[Dataset records]
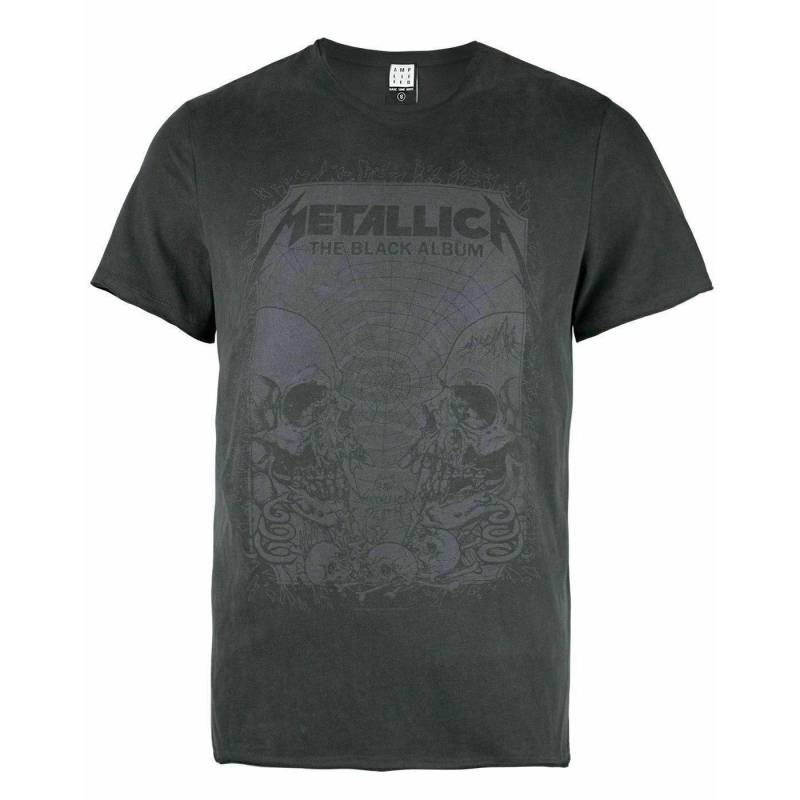 "the Black Album" Tshirt Herren Grau M von Amplified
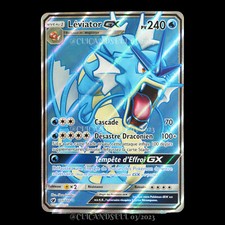 carte Pokémon Léviator GX 101/111 #4 SL04 - Invasion Carmin NEUF FR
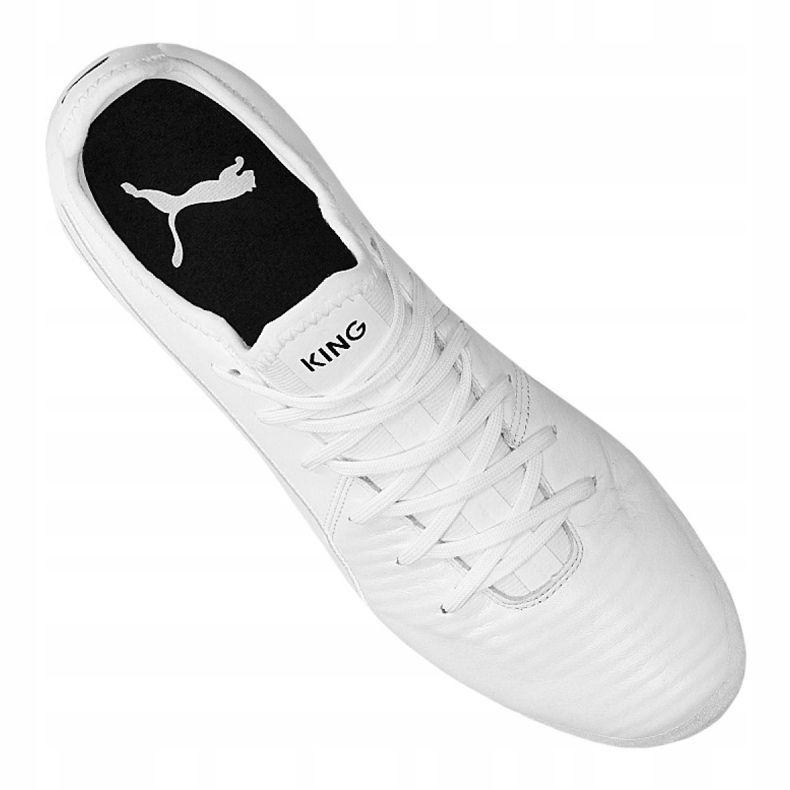 Puma King Pro Mg M 106302-03 football boots multicolored white 1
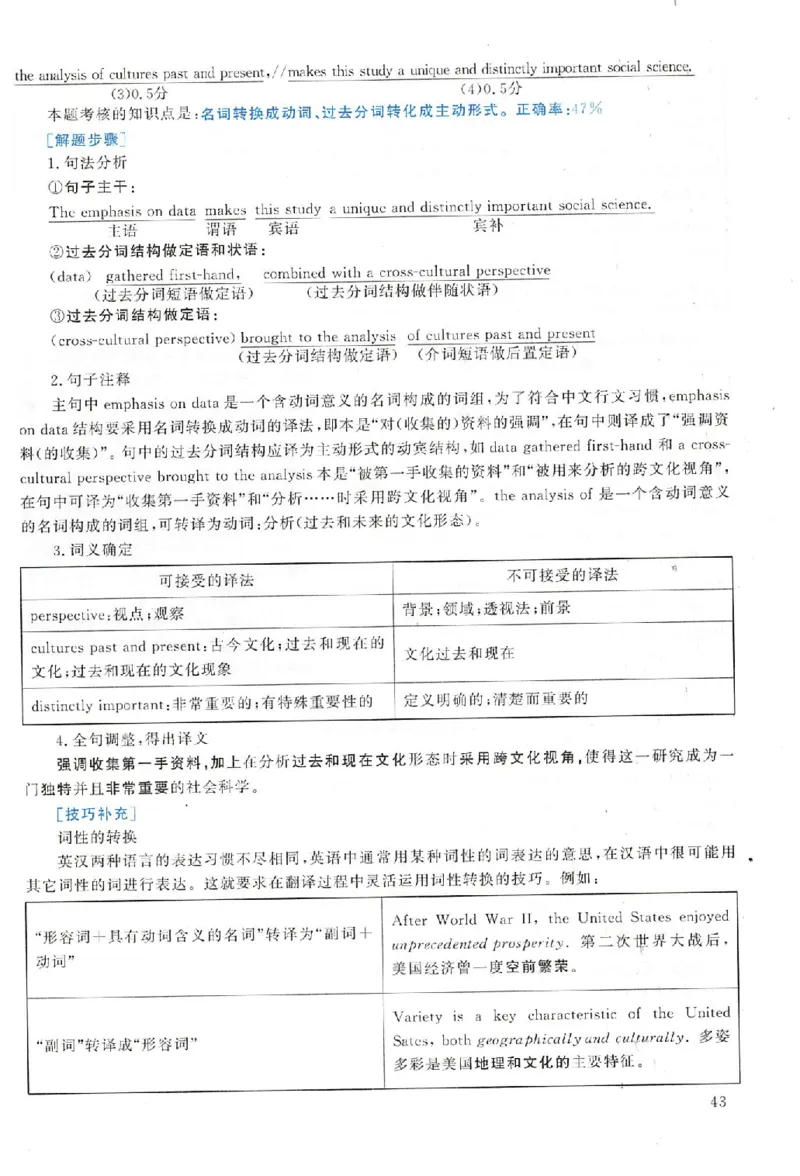 黄皮书--2003年真题解析（英语一）公众号：蜡笔考研免费分享_考研英语真题（英一＋英二）_1980-2025真题一定要先转存再观看（否则资料不完整）_考研英语二历年真题_英语二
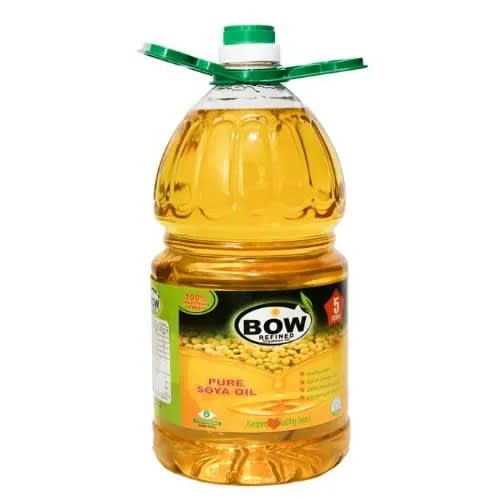 Bow Soya Beans Cooking Oil- 4L
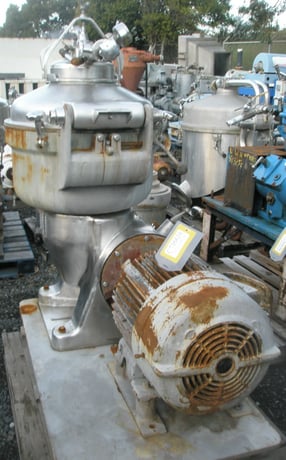 Alfa-Laval #SRG 214HH-60, Separator Centrifuge, 3-way separator, 1.5 mm disc spacing, 20 HP, 230/460 V - Image 4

■ Exercise
When you transcribe the entries above, keep every word exact and leave out the pictures.

■ Exercise response
 "the Black Album" Tshirt Herren Grau M von Amplified
 carte Pokémon Léviator GX 101/111 #4 SL04 - Invasion Carmin NEUF FR
 Puma King Pro Mg M 106302-03 football boots multicolored white 1
 黄皮书--2003年真题解析（英语一）公众号：蜡笔考研免费分享_考研英语真题（英一＋英二）_1980-2025真题一定要先转存再观看（否则资料不完整）_考研英语二历年真题_英语二
 Bow Soya Beans Cooking Oil- 4L
 Alfa-Laval #SRG 214HH-60, Separator Centrifuge, 3-way separator, 1.5 mm disc spacing, 20 HP, 230/460 V - Image 4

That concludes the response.